Another drawback is that some technical terms (for example, leaf node, selection, and range), are initially used without definition and then later defined. I imagine this reflects the tremendous pressure involved in getting the book out as quickly as possible. Once again, this is a case where the book requires patience and persistence on the part of the reader.
The chapters on Excel take an approach opposite to that of the chapters on Word. That is, the first chapter discusses the Excel application program and the second one discusses SpreadsheetML, the XML vocabulary that Excel uses when saving XML workbooks.
The authors can be commended for taking a big-picture view and for demonstrating that Office 2003 allows users to share data in ways never before possible. In addition, they can be commended for providing well-written appendices on introductory concepts. Their book may turn out to be especially valued by readers who want to read and write Office documents using third-party programs.
Review from Cindy Meister
Office 2003 XML is aimed at readers with XML background who want to get started with the XML features in Office 2003. A basic introduction to XML topics is included in the appendix, but if XML is completely new for you, you'll have difficulty grasping much of the content.

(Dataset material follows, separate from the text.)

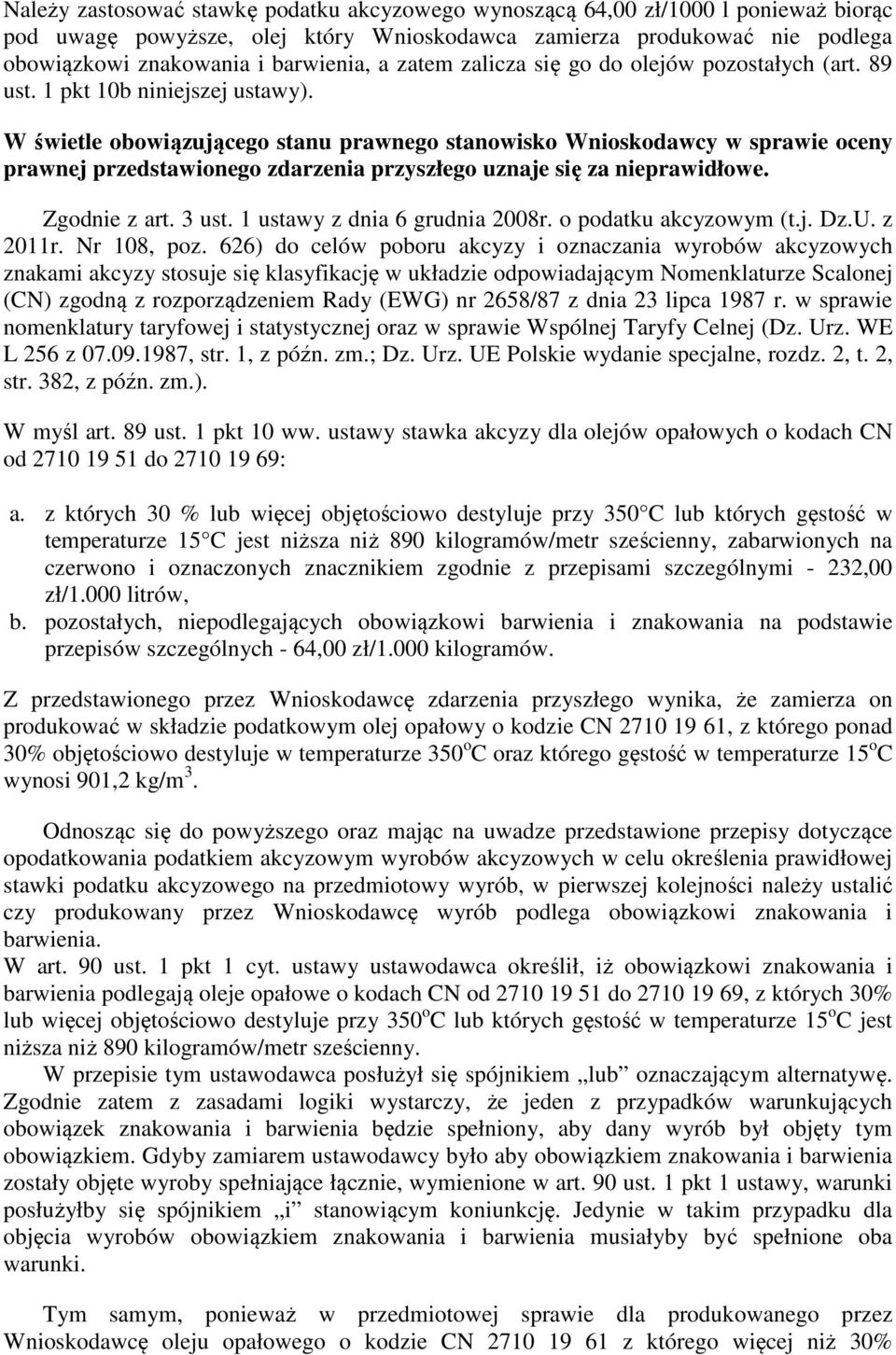 W świetle obowiązującego stanu prawnego stanowisko Wnioskodawcy w sprawie oceny prawnej przedstawionego zdarzenia przyszłego uznaje się za nieprawidłowe. Zgodnie z art. 3 ust.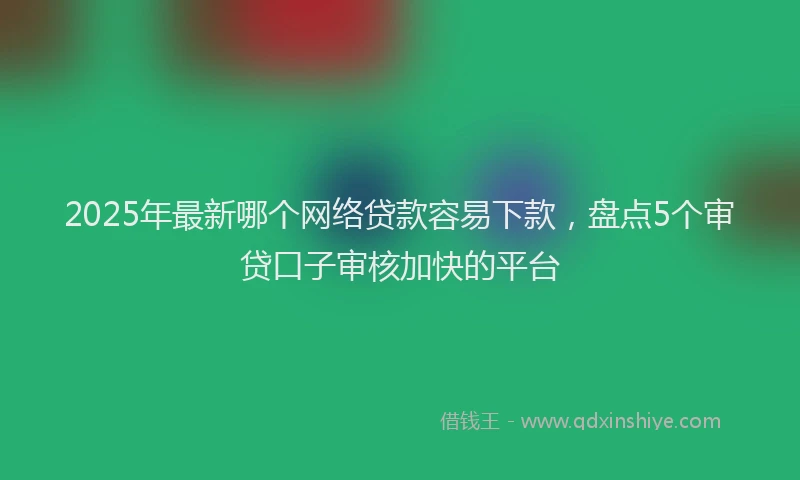 2025年最新哪个网络贷款容易下款，盘点5个审贷口子审核加快的平台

The first chapter is an overview of the importance of XML, in general, and in Office, in particular. It presents the strengths of XML in each application and a number of sample scenarios. For my taste, this chapter was somewhat long-winded and meandering, but it's only 16 pages out of some 550 (including the appendices).
In chapter two, the authors then take the reader into the world of Microsoft Word and XML. In total, four chapters are devoted to Word, while two are devoted to Excel, and one each to Access, InfoPath and using web services in Office applications. At first glance, this may seem out of proportion, but considering the complexity and richness of Word's object model, one quickly realizes that four chapters only manage to scratch the surface of this subject.
Unlike Access and Excel, which are primarily concerned with data, the XML that describes a Word document (WordProcessingML) reflects every aspect of a document, including the internal structures. If you save a Word document in its native XML, then re-open it, the document is there in its entirety. Contrast this with Access, that only imports and exports table data and indexes, or Excel, where only table information and formatting is exported to XML (no charts or other objects).
"The WordprocessingML Vocabulary", goes into quite a bit of detail on the internal structures of a Word document, where it stores information, such as formatting, and how that information is applied to the text. It is therefore also an excellent reference for developers who have never before worked intensively with Word and find Word's internal logic a mystery.
Chapter three describes how WordProcessingML can be used to extract information from Word documents, as well as to create them. Of necessity, it continues to delve the depths of Word's internal document structures. A couple of scenarios presenting the strengths of being able to process documents directly, without opening them in Word, round off the chapter.
The fourth chapter discusses using the XML features in the Word user interface. The importance of schemas in the Office XML concept is introduced. This chapter builds the basis for the following one on SmartDocument technology, taking you through all the steps necessary to prepare a document for use in a business solution. By this point, one can see that XML in Word is not really meant for the end-user, but for the developer.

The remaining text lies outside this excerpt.